# [WORK INSTRUCTION]
Each line of the records below that contains "Mujer" needs to be copied.

# [INFORMATION SUPPLIED]
%%
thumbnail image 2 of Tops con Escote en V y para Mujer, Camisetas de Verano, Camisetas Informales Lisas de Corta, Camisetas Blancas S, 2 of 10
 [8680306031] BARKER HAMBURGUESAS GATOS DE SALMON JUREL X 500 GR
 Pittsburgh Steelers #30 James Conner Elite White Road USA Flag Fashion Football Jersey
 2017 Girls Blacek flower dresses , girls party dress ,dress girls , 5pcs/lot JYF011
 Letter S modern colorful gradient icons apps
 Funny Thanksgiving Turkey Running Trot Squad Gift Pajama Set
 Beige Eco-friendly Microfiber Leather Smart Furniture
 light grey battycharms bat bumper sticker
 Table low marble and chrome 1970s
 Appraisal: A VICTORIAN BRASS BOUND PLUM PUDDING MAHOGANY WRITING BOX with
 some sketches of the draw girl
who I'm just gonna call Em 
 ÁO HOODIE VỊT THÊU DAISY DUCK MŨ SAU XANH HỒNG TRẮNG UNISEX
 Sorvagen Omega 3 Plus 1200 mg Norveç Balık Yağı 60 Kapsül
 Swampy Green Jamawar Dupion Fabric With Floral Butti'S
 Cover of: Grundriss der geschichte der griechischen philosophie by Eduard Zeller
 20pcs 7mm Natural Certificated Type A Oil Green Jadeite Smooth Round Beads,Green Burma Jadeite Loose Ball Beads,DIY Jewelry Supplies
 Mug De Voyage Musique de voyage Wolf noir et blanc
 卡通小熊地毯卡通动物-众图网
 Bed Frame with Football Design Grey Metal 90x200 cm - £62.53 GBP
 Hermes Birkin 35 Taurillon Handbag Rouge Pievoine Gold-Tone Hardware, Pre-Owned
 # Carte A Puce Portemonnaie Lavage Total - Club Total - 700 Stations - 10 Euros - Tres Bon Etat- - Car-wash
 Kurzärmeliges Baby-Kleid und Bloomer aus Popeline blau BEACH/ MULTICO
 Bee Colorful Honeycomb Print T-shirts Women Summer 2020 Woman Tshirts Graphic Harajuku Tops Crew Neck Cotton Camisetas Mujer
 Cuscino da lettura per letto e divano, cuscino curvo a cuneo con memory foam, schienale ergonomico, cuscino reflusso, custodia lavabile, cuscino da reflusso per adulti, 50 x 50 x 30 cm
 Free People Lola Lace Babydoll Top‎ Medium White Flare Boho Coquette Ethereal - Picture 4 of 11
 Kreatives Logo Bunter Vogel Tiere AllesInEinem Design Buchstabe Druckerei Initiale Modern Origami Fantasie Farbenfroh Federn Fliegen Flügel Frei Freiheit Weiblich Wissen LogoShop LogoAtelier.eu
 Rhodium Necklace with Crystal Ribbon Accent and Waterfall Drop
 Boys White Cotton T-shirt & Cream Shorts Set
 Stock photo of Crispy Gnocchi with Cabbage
%%
# [EXERCISE SOLUTION]
thumbnail image 2 of Tops con Escote en V y para Mujer, Camisetas de Verano, Camisetas Informales Lisas de Corta, Camisetas Blancas S, 2 of 10
 Bee Colorful Honeycomb Print T-shirts Women Summer 2020 Woman Tshirts Graphic Harajuku Tops Crew Neck Cotton Camisetas Mujer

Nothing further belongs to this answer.